- List each address in binary format and determine the common prefix for all of the addresses:
$$
\begin{aligned}
& 212.56 .146 .0 / 24:\;\;11010100.00111000 .10010010 .00000000 \\
& 212.56 .147 .0 / 24:\;\;11010100.00111000 .10010011 .00000000 \\
& 212.56 .148 .0 / 24:\;\;11010100.00111000 .10010100 .00000000 \\
& 212.56 .149 .0 / 24:\;\;11010100.00111000 .10010101 .00000000
\end{aligned}
$$
- Note that this set of four $/ 24 \mathrm{~s}$ cannot be summarized as a single $/ 23$.
$$
\begin{aligned}
& 212.56 .146 .0 / 23:\;\;11010100.00111000 .10010010 .00000000 \\
& 212.56 .148 .0 / 23:\;\;11010100.00111000 .10010100 .00000000
\end{aligned}
$$
- The CIDR aggregation is:
$$
\begin{aligned}
& 212.56 .146 .0 / 23 \\
& 212.56 .148 .0 / 23
\end{aligned}
$$
Note that if two $/ 23 \mathrm{~s}$ are to be aggregated into a $/ 22$, then both $/ 23 \mathrm{~s}$ must fall within a single $/ 22$ block.

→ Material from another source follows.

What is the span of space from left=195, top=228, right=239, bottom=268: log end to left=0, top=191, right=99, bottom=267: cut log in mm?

Since each of the two $/ 23 \mathrm{~s}$ is a member of a different $/ 22$ block, they cannot be aggregated into a single $/ 22$ (even though they are consecutive). They could be aggregated into $222.56.144/21,$ but this aggregation would include four network numbers that were not part of the original allocation. Hence, the smallest possible aggregate is two $/ 23 \mathrm{~s}$.